The Commission should also reexamine the allocation of expenses for staff salaries, wages, and benefits. As the Petition for Rulemaking observes, the inclusion of “federal election activity” goes beyond what is required in the statute and federalizes the vast majority of state party employees, particularly in states that do not have off-year state or local elections.
Other areas for particular attention include revisiting the Commission’s definition of exempt volunteer activities, particularly considering the changing nature of campaigning, and reexamining the Commission’s definition of federal election activity, which, as currently written, sweeps up far too much basic party activity that is at best tangentially connected to federal elections.
The Commission has heard concerns with its approach to political parties for over a decade. Supreme Court rulings since the adoption of the party regulations heighten these concerns by raising serious constitutional doubts about many of the regulations. Thus, the matter is ripe for consideration and action.
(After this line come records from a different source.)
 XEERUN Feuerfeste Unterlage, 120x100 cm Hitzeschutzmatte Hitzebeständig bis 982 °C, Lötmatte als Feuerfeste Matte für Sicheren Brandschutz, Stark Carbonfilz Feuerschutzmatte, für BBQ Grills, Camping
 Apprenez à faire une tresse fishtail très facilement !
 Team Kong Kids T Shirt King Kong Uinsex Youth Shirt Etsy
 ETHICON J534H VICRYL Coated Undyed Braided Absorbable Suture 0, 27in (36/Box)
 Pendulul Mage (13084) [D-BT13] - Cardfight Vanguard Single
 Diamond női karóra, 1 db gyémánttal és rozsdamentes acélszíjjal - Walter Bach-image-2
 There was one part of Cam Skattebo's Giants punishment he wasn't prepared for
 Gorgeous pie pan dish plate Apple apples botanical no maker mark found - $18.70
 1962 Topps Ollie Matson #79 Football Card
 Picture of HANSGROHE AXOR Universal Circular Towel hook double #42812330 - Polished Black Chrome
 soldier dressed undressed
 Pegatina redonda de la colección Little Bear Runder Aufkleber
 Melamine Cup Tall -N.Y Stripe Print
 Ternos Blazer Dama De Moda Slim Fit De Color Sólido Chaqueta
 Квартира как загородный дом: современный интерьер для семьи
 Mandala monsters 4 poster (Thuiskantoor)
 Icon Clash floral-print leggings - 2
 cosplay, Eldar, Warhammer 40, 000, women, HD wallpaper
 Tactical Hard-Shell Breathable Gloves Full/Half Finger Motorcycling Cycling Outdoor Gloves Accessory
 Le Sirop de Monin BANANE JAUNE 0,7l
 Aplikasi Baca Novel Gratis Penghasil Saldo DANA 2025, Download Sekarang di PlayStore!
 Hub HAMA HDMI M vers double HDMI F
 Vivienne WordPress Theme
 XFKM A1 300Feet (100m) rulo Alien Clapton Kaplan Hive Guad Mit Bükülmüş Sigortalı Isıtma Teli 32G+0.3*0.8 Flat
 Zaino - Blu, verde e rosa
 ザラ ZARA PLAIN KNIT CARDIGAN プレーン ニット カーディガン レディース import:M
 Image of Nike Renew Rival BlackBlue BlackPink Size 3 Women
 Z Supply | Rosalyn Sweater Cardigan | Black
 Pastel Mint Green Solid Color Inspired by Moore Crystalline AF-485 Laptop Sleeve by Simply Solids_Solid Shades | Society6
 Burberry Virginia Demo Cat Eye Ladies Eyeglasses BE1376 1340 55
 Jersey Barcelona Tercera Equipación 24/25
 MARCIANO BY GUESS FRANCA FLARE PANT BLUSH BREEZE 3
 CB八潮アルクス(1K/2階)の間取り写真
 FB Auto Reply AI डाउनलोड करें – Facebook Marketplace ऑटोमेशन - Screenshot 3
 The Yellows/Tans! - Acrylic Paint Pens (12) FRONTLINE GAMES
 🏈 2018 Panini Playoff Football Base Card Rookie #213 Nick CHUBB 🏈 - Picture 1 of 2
Therefore, we strongly encourage the Commission to initiate a rulemaking addressing regulations on political parties as soon as possible.
Thank you very much for your time and consideration of our views.
Respectfully submitted,
Bradley A. Smith Gary M. Lawkowski
Chairman Senior Fellow
[1] The Institute for Free Speech is a nonpartisan, nonprofit 501(c)(3) organization that promotes and defends the First Amendment rights to freely speak, assemble, publish, and petition the government.
[2] FEC Chairman Goodman and Vice Chair Ravel Host Political Party Forum, Federal Election Commission (June 4, 2024), https://www.fec.gov/updates/fec-chairman-goodman-and-vice-chair-ravel-host-political-party-forum/.
[3] See Comment of Center for Competitive Politics on Notice 2016-11: Rulemaking Petition: Political Party Rules (Jan. 30, 2017), https://sers.fec.gov/fosers/showpdf.htm?docid=355039.
[4] FEC v. Cruz, 596 U.S. 289, 305 (2022).
[5] Cruz, 596 U.S. at 307 (quoting McCutcheon v. FEC, 572 U.S. 184, 210 (2014)).